Hinata ile birlikte sabah kahvaltıya yetişemediğimiz için dersler bittikten hemen sonra kantine gelmiş, yolda gördüğümüz Naruto'yu da yanımıza almıştık. Şu an ise masada oturmuş tost yerken aynı zamanda Hinata'nın Naruto karşısında kıvranışını izliyordum.
"Hinata, henüz senin yeteneğini de bulamadım."
"Ö-öyle mi?" dedi Hinata. Gözlerini sürekli Naruto'dan kaçırıyordu. Ve eğer Naruto ısrar ederse yeteneğini kendi ağzıyla söyleyeceğine emindim.
"Evet, ama birinci olmak için kısa sürede bulmam gerek. Belki beni uğraştırmayıp yeteneğini kendin söylemek istersin." Ağzının dolu olmasını önemsemeden konuşan Naruto'ya kaşlarımı çattıktan sonra Hinata'nın cevap vermesine izin vermeden ağzımı açtım.
"Naruto! Birinci olmak istiyorsan kendi çabalarınla olmalısın."
"Birinci olduktan sonra nasıl olduğumun ne önemi var ki dattebayo!"
Kafamı iki yana salladım. Bence vardı. Özellikle bunu yaparken diğerlerine zarar vermememiz gerektiğini düşünüyordum. Bunun sebebi birkaç kez neredeyse zarar görecek olmam da olabilirdi.
"Tabii ki var. Kolay yolu seçmemen gerekir. Hem sen bize kendi yeteneğini söyler miydin? Biz niye sana söyleyelim?"
Sahi Naruto'nun da bir yeteneği vardı değil mi? Şu ana kadar böyle bir şeyi aklıma hiç getirmemiş ve onun yeteneğinin peşinde koşmamıştım. Şimdi ise merak etmiştim. Nasıl bir yeteneği olabilirdi ki?
"Herneyse." dedi meyve suyundan içerken. "Siz hafta sonu pijama partisi yapmıştınız değil mi? Hani şu gelmeme izin vermediğin Sakura-chan."
"Evet, ne olmuş?" Naruto'nun içtiğini görmemle hatırlamış olduğum meyve suyumu elime aldım.
"Nasıldı?"
"Eğlenceliydi, neden sordun?"
Gözlerini kıstı ve bana baktı. "Ben de gelmek istiyordum dattebayo! Hem gelmeme izin vermedin hem de gözümün içine baka baka eğlenceliydi mi diyorsun?"
"B-bir dahakine gelebilirsin Naruto-kun." Hinata'nın söylediği şeye ve kıpkırmızı oluşuna kahkaha attım.
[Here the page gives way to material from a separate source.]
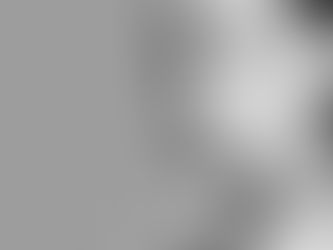 Lost Volume in the Lips or Under the Eyes? Fill Them In!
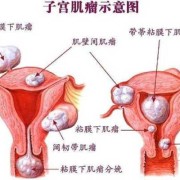 子宫肌瘤对胎儿的影响（子宫肌瘤对胎儿的影响大吗）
"Cidden mi? Hinata mükemmelsin." Tostunu bırakmış sevinç dansı yaparken ona vurdum.
"Sen neden erkeklerle yapmıyorsun?"
"Kim gelecek ki benim partime?"
Biraz düşünürmüş gibi yaptım. "Sasuke?"
"Haklısın. Sasuke gelirse Neji de gelir."
Aslında düşününce bütün erkekler kabul ederdi böyle bir şeyi. Çünkü birbirlerinin yeteneklerini bulabilecekleri en iyi zaman olabilirdi.
"Bence bütün erkekler gelebilir. Tabii yarışma bitmeden yaparsan."
"Herkesin gelmesine gerek yok dattebayo. Odam o kadar büyük değil."
"Kimi istersen onu çağır." dedim meyve suyumdan içerken.
"Kiba'yı istemiyorum." Gözlerini kısan Naruto'nun ardından duyduğumuz sesle konuşmamız bölündü.